Ruso went into the dining room. Since the apprentices were not allowed to use the room, there was no reason why the letter should be in it, but he might as well do something while he was waiting.

Shifting cushions and peering under the couch produced several small coins, a wooden whistle, a child’s shoe, a crust of bread hardened to the consistency of concrete, a green hair ribbon that must belong to Serena… and a writing tablet. His brief moment of elation was destroyed by the words Pharmacy List inked on the outside. Idly curious, he took it across to the window to read.

What it contained was not a list but a message.

Scrawled in a large and badly formed hand were the words, “When you finally notice that we are not here, you may want to know that I have taken the boys and gone to live with my cousin.” The message was scraped so deep into the wax that it had scored the wood underneath.

So that was it.

Ruso was more saddened than surprised. He wished he had found the note before Tilla had gone. She would have known what to say. In fact it would have been better not to have found it at all, or at least to have left it unopened. Now he felt like the woman in the old Jewish tale: the one who ate the fruit from the tree and knew too much. He should say something helpful to Valens, but what? How could a man interfere in his friend’s marriage? Especially since he was not supposed to have read the note, anyway.

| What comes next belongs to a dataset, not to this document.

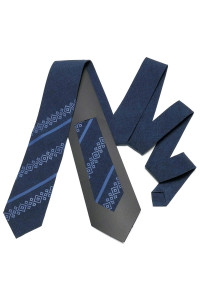 Вишита краватка «Макар» темно-синього кольору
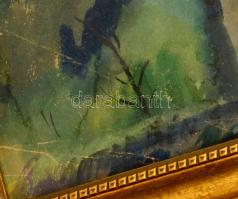 Antal Irén (1903-1999): Pléhkrisztus. Akvarell, papír, jelzett, üvegezett keretben, 40×50 cm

He pushed the message back under the couch. When the apprentices reappeared with orders from Valens to question the kitchen boy and search the rest of the house, he closed the door of the dining room and told them he had already checked it. There was nothing there.

He entered the surgery just in time to see a middle-aged man stagger out into the street with a poultice clutched to his face and a message for the next patient that he would be called in a moment.

“Splendid abscess,” said Valens, describing the departed patient rather than the space beside a stack of rolled bandages to which he now pointed. That was where he had seen the letter late last night. He had almost called one of the boys to put it away until he realized it was not a patient record after all. “Somebody must have come in here after me.”

Ruso waited until the patient had shut the door-before suggesting, “The burglar was in here.”

Valens’s eyes widened. “Ruso, you don’t think you’re taking this investigation business a little too seriously? I know it must have been a shock finding this chap in the house, but really-what sort of burglar steals somebody’s letters?”

“The sort who wants to know what’s in them?” Ruso suggested, remembering Caratius’s eagerness to see the letter. “Or the sort who already knows and doesn’t want other people to find out.” He glanced around at the neatly stacked shelves. “If it was here last night and it’s not here now, where is it?”

“I don’t know,” Valens admitted.

“The women wouldn’t have taken it. Neither of them can read.”

“Nor can the kitchen boy, much.”

“Which leaves only the burglar.”

“I’m sure it’ll turn up,” Valens assured him. “You can let the lads carry on hunting for a while. I’m running late for house calls, and it’s much quicker in here without them. Don’t fancy seeing a few patients yourself, do you? Keep your hand in?”